Ian, a few thoughts. First, there is a massive discrepancy in talent between Manchester United and Major League Soccer, but that’s like the old cliché about comparing apples to oranges. Manchester United is one of the most successful clubs in soccer history, while MLS was founded in 1996 and is a growing league with a tight salary cap (David Beckham’s contract notwithstanding). Wayne Rooney’s salary is higher than each team’s budget, so the gulf in talent should not be too surprising. But to suggest that these games in any way represent MLS is erroneous.

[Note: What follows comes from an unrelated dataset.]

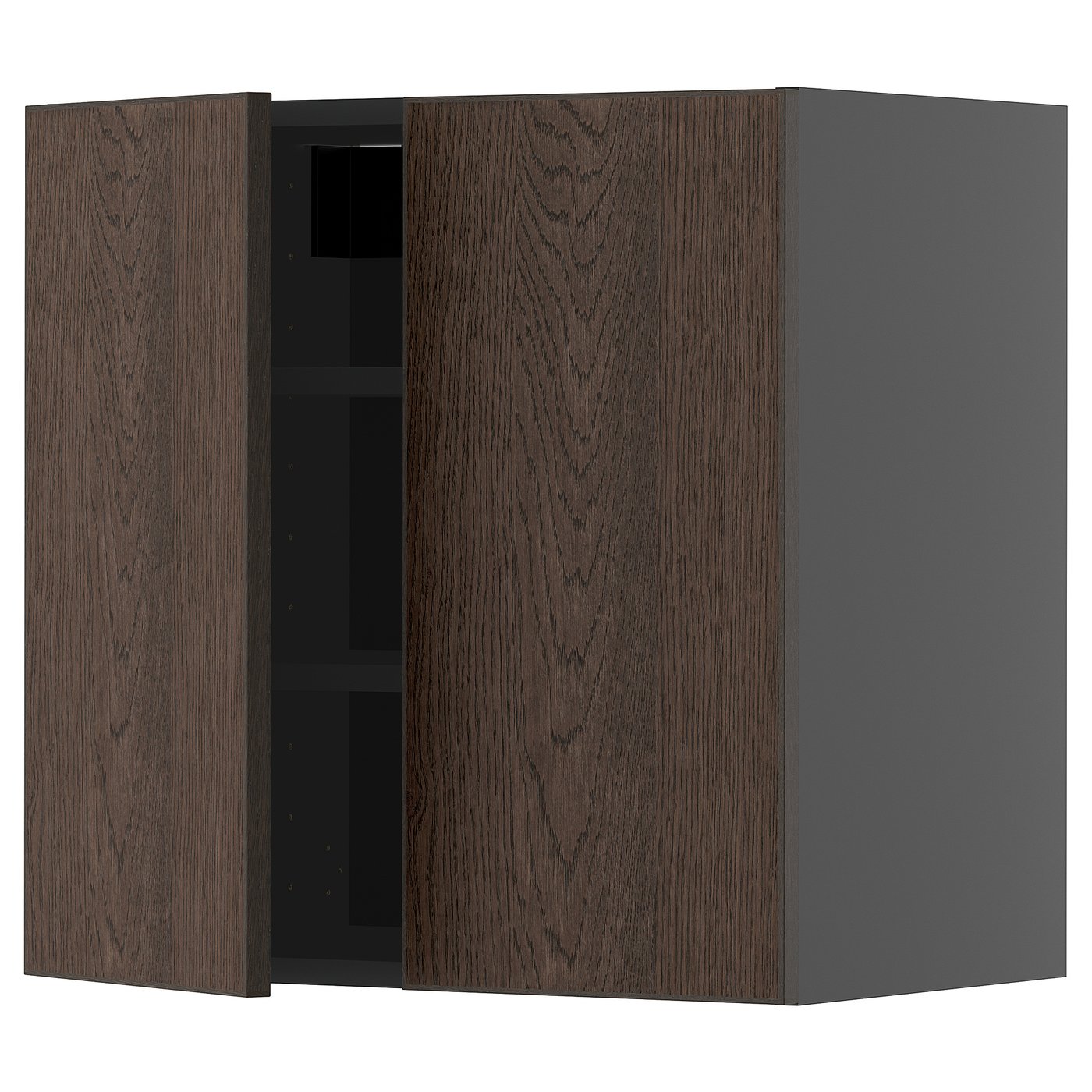 IKEA METOD Wandschrank mit Böden und 2 Türen schwarzgrau/Sinarp braun 60x60 cm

First, as you concede, the All-Stars hardly featured the league’s best players. Landon Donovan and Charlie Davies were two notable absences, and as you pointed out, the All-Stars had not trained together beyond two days of media events and stretching exercises. But if you look deeper into Manchester United’s victories against MLS clubs during this tour, you’ll find that many teams appear disinterested at the prospect of facing their European brethren. With MLS fixtures becoming increasingly crowded, thanks to international friendlies and tournaments like the CONCACAF Champions Cup, teams often play their starters for a half before rolling out reserves, trialists, and youth players. When the Philadelphia Union defeated Everton last week, it was through a goal scored by a seventeen-year-old academy player. The Chicago Fire led at halftime in their 3-1 loss to Manchester United, but the match included twenty-one substitutions, so how seriously should we interpret the result? Sure, the Red Devils thumped the Seattle Sounders 7-1, but six of those goals came in the second half against the Sounders’ second team. Rooney tallied a hat trick, but shouldn’t that be expected when one of the world’s best plays against the second-string from a lesser league?

Ultimately, you conclude that these matches are all about money, since Manchester United earns $2 million per appearance. But in criticizing MLS for being exposed as substandard, you fail to recognize that MLS teams also make a lot of money from these friendlies. These matches fill NFL stadiums and earn loads of extra revenue for the cash-strapped league. So if the league takes a few black-eyes on the pitch, it’s to bolster their bottom line. Manchester United might be exploiting the defenses of MLS teams during their North American tour, but I’d suggest that relationship is reciprocal, MLS exploits Manchester United at the gate and merchandise stand.

Comment by imp 2011-08-03 15:30:15

Soccer Nobody wrote: "But to suggest that these games in any way represent MLS is erroneous." Which is why I did exactly the opposite (please re-read carefully my penultimate paragraph).